Reproduce the records below exactly, but only between the lines holding "Nude pink hot sale leather jacket" and "MAD LEATHER Atlas", inclusive.

** Opening RECORDS PROVIDED block **

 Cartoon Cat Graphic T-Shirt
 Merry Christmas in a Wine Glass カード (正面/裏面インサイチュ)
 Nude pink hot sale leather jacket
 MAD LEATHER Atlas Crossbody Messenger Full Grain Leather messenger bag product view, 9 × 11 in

** Closing RECORDS PROVIDED block **
** Opening RECORDS PROVIDED block **

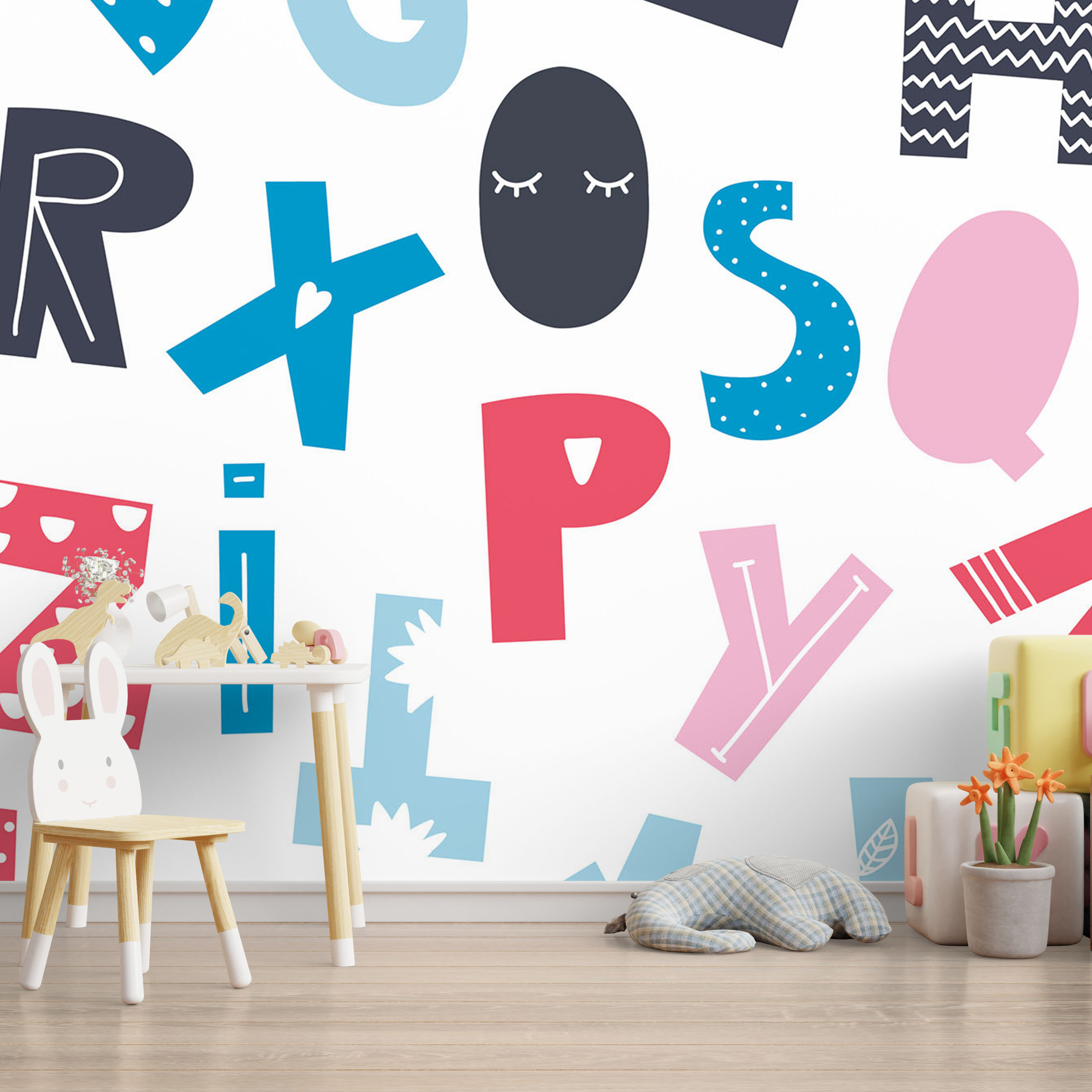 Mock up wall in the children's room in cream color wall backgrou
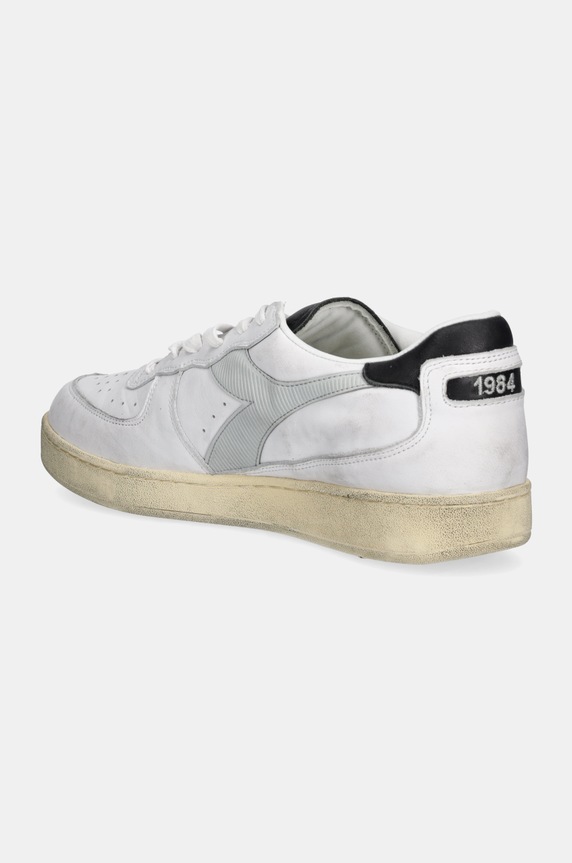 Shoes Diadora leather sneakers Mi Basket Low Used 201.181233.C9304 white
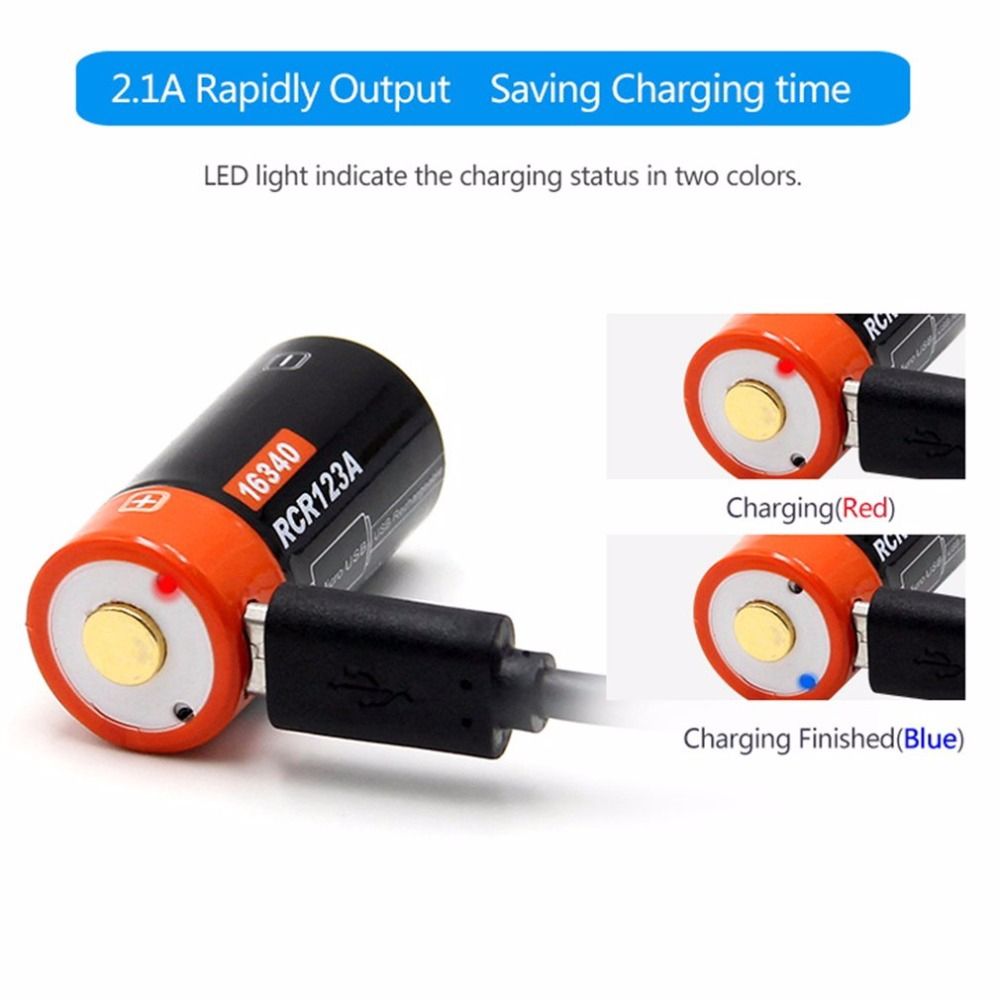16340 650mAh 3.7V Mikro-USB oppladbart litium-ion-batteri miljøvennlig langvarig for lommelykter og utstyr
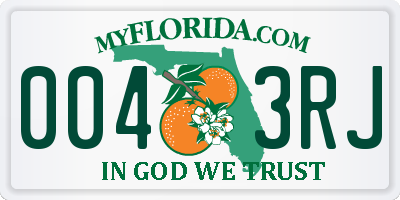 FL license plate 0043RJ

** Closing RECORDS PROVIDED block **
** Opening RECORDS PROVIDED block **

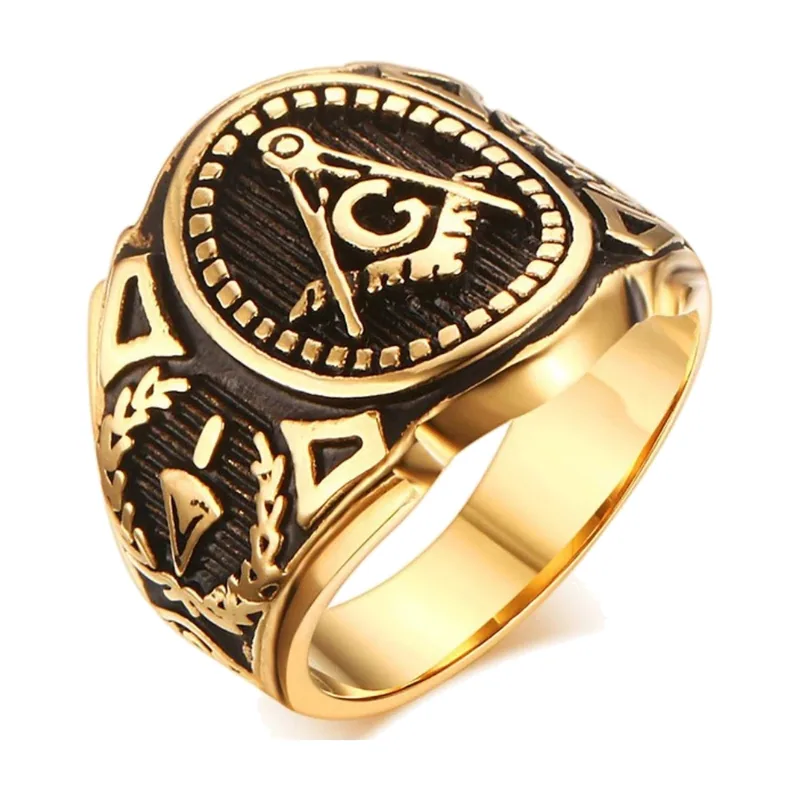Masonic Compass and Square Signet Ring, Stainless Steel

** Closing RECORDS PROVIDED block **

#### RESULT
 Nude pink hot sale leather jacket
 MAD LEATHER Atlas Crossbody Messenger Full Grain Leather messenger bag product view, 9 × 11 in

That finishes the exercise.